Follow more live status updates on our Discord server.
Release 0.30.0 command failures
Version 0.30.0 of our authentication service introduced a breaking change that caused service-related commands against projects on older versions to fail. Version 0.30.1 was released as a fix.
Oct 24, 2023Resolved
Gateway and Deployer performance degradation
On the 26th of September at 3:31 PM UTC we discovered a performance degradation of our services. Project creation was slow, to the point of timing out. Additionally, deployments were taking longer than usual. We analyzed our metrics and verified that there was no over-use of compute resources, which led us to believe the performance degradation was I/O bound. It took some time before we considered that the issue was caused by excessive disk utilization, since we didn’t consider it critically high at 80%. Ultimately, this was indeed the cause of the degradation, and freeing up disk space resolved the degradation in project creation as well as deployments.
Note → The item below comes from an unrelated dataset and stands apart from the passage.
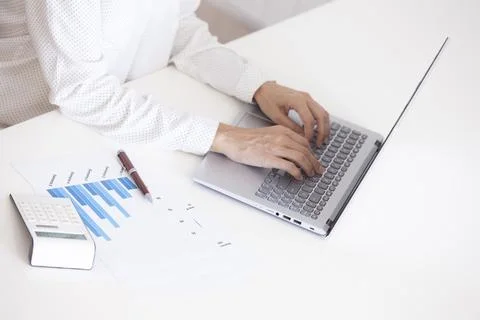 Middle-aged woman's hands typing on a laptop while analyzing statistics and.. Stock Photos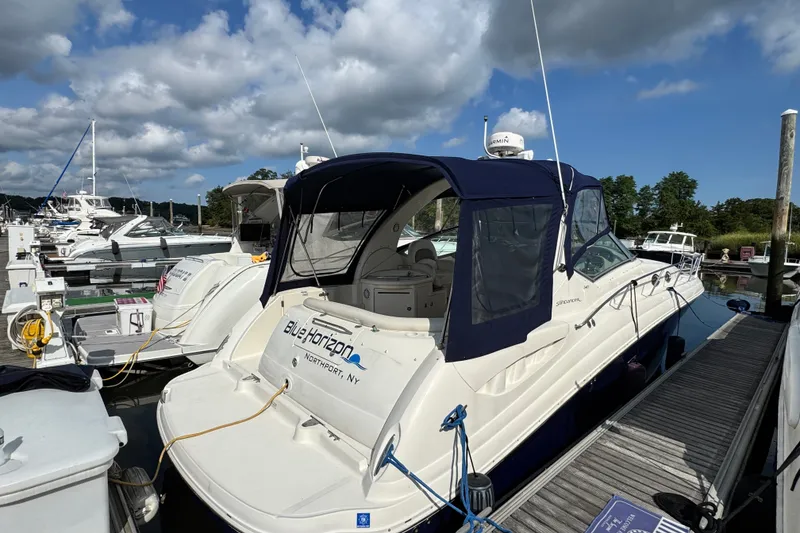 Slide: The Image of 2005 Sea Ray 340 Sundancer docked at marina under partly cloudy sky. - 1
Going forward, we will strive to improve our monitoring and our alerts, and more specifically setting an alert for when disk usage approaches 80%. A lot of the disk usage is also due to each project container having their own cargo build cache, we aim to change this with our new builder service, which will be on a separate machine and dedicated to building deployments.
Sep 26, 2023Resolved
Controller VM status check failures
We experienced a platform downtime on 24 September 2023 at 7:30 PM UTC because the Shuttle Controller VM was unreachable. The VM holds the majority of the Shuttle core services. Rebooting the VM fixed the failing status check and the services came back live around 8:50 PM UTC. We discovered we had missed our chance to debug the root cause of why the instance became unreachable because we hadn’t set up system logs collection for the VM (where we hoped we would see important information relevant to why the VM was unhealthy and not able to respond to requests), and rebooting the VM resulted in losing the system logs. We will improve the process of handling such causes of downtime by adding notifications if status check failures occur again, adding system logs collection, and prioritizing improvements of the platform architecture to become highly available.
Sep 24, 2023Resolved
Logger Release Incident
Following the release on September 18, 2023, at 7:53 AM GMT, the new Logger service failed to start up. This was due to a subnet overlap, which meant the new Logger service was not able to resolve its database instance via DNS. Consequently, project containers were not able to start. By 9:00 AM, the issue was resolved, and project creation was restored. This incident could have been prevented by our staging and production environments being identical, which we have been striving for, but in this case they were not. We are working on setting up a new environment for canary deployments of new infrastructure to prevent this issue in the future.
Sep 18, 2023Resolved
Shuttle Gateway Service Disruption
Following the release on July 31, 2023, at 5:08 PM GMT + 2, the Shuttle gateway encountered an issue preventing it from fulfilling user project requests. This issue arose due to a faulty database migration. To address this, we promptly reverted the release and restored the database to a recent backup, ensuring no data loss occurred. By 6:20 PM, all services were fully operational again. Moving forward, we are committed to enhancing our release rollback procedures, aiming to restore services more efficiently in case of future problematic releases. Additionally, we will focus on bolstering our test suite and refining our staging environment to prevent such issues from ever reaching the production stage.
Jul 31, 2023Resolved
MongoDB Data Loss Incident
On Saturday, July 29th, we received a report indicating that a user's MongoDB database had been cleared upon re-deployment. Subsequent investigation by our engineers revealed that this issue arose from the shared MongoDB database container lacking an associated persistent volume. To rectify this situation, a persistent volume was attached to the MongoDB database container, and it was restarted without incurring any additional loss of data. Moving forward, our goal is to expedite the resolution of similar incidents and establish a structured procedure for efficiently restoring the MongoDB database in the event of any future failures.
Jul 29, 2023Resolved
We experienced a provisioner downtime which made Shuttle platform experience difficulties in deploying new projects or serving requests for idled deployments. As next steps, we are working on improving the detection/resolution times and decoupling the provisioner dependency for idled deployments cold start.
Jun 27, 2023Resolved
An unsecured endpoint within the auth service enabled unauthorized access to users' API keys
In the development of the authentication service, we established a /login endpoint to facilitate a session-based authentication flow specifically designed for console usage. However, this endpoint was unintentionally left unprotected, creating a potential risk that a user's API key could be accessed by others. The issue was successfully identified and rectified in the 0.19.0 release, thereby mitigating the vulnerability.
Jun 15, 2023Resolved